**PROMPT:**
Find the line that contains "BELLIFFY 1ensemble Kit". Copy it and every line after it to the end of the material below, exactly, with no pictures.

**GIVEN INFORMATION:**
□ □ □ □ □

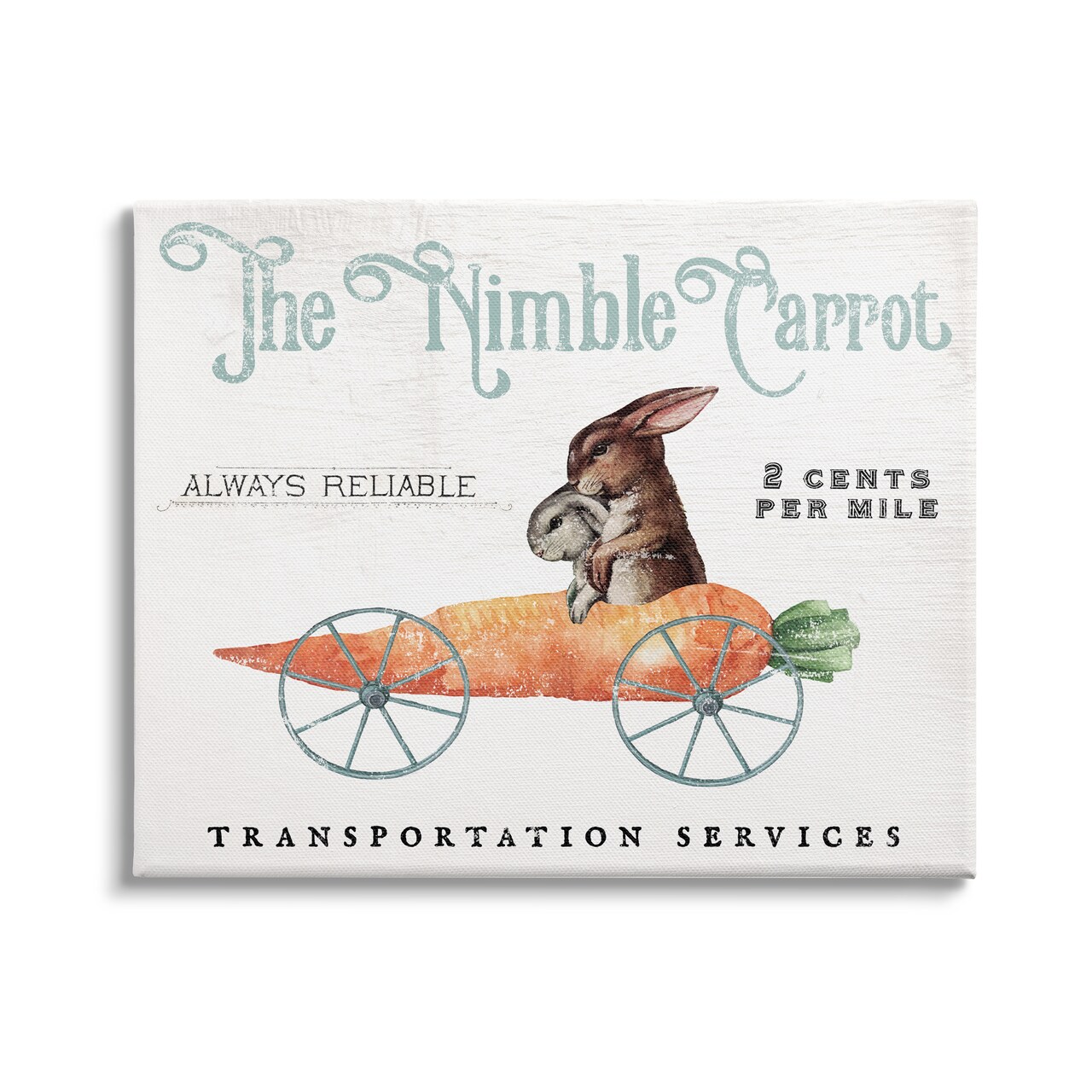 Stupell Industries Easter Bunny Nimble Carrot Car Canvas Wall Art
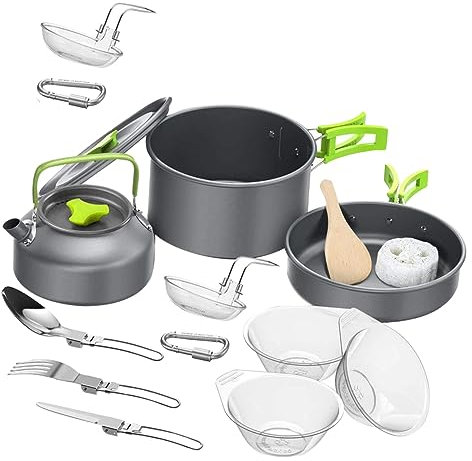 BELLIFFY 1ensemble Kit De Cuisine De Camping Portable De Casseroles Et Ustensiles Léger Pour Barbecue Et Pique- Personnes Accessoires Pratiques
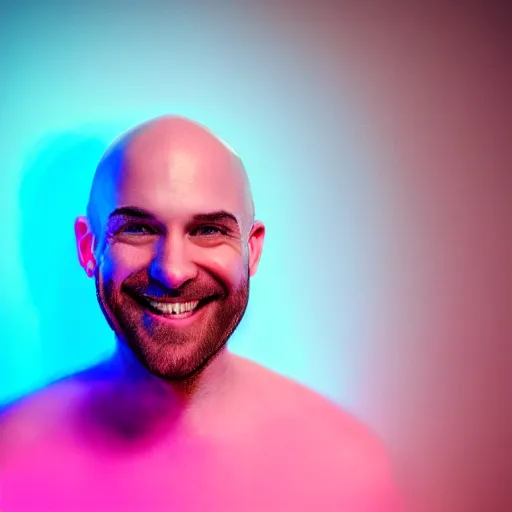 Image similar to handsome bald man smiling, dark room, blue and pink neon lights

□ □ □ □ □

**RESULT:**
 BELLIFFY 1ensemble Kit De Cuisine De Camping Portable De Casseroles Et Ustensiles Léger Pour Barbecue Et Pique- Personnes Accessoires Pratiques
 Image similar to handsome bald man smiling, dark room, blue and pink neon lights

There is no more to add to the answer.